TASK BRIEF - Copy nothing but the lines below, from the one with "What the healing" through the one with "Cal got us some", exactly as written; no pictures should appear.

RECORDS -
------------------------------------------------------------
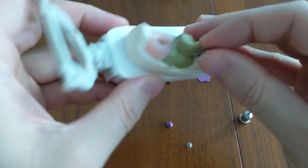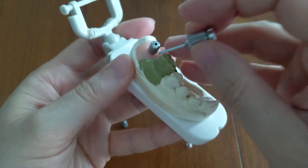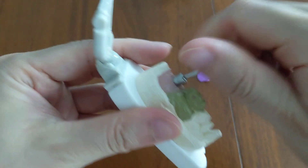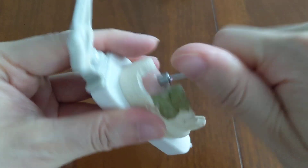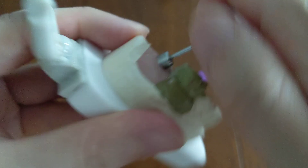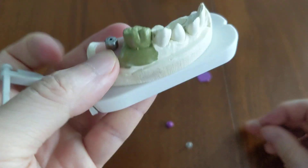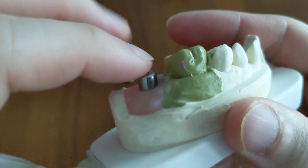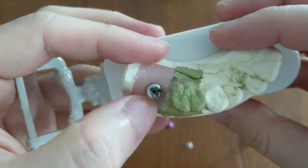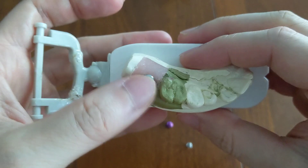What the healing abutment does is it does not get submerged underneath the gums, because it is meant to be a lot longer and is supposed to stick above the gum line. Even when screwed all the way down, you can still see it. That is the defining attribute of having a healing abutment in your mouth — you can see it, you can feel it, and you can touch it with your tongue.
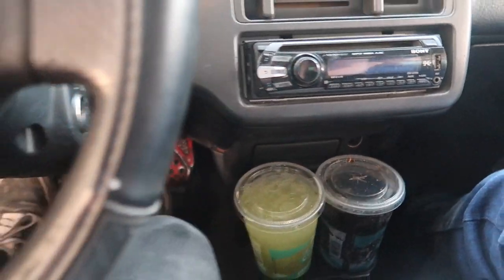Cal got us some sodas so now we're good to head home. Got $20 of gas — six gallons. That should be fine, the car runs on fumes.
------------------------------------------------------------
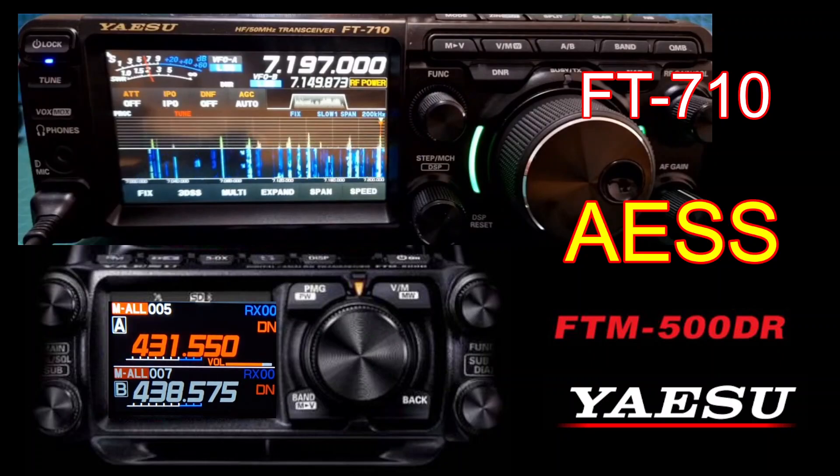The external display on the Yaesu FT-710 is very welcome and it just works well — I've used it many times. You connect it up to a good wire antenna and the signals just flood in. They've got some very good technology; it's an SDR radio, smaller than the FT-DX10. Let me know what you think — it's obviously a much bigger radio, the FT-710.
------------------------------------------------------------
SOLUTION -
What the healing abutment does is it does not get submerged underneath the gums, because it is meant to be a lot longer and is supposed to stick above the gum line. Even when screwed all the way down, you can still see it. That is the defining attribute of having a healing abutment in your mouth — you can see it, you can feel it, and you can touch it with your tongue.
Cal got us some sodas so now we're good to head home. Got $20 of gas — six gallons. That should be fine, the car runs on fumes.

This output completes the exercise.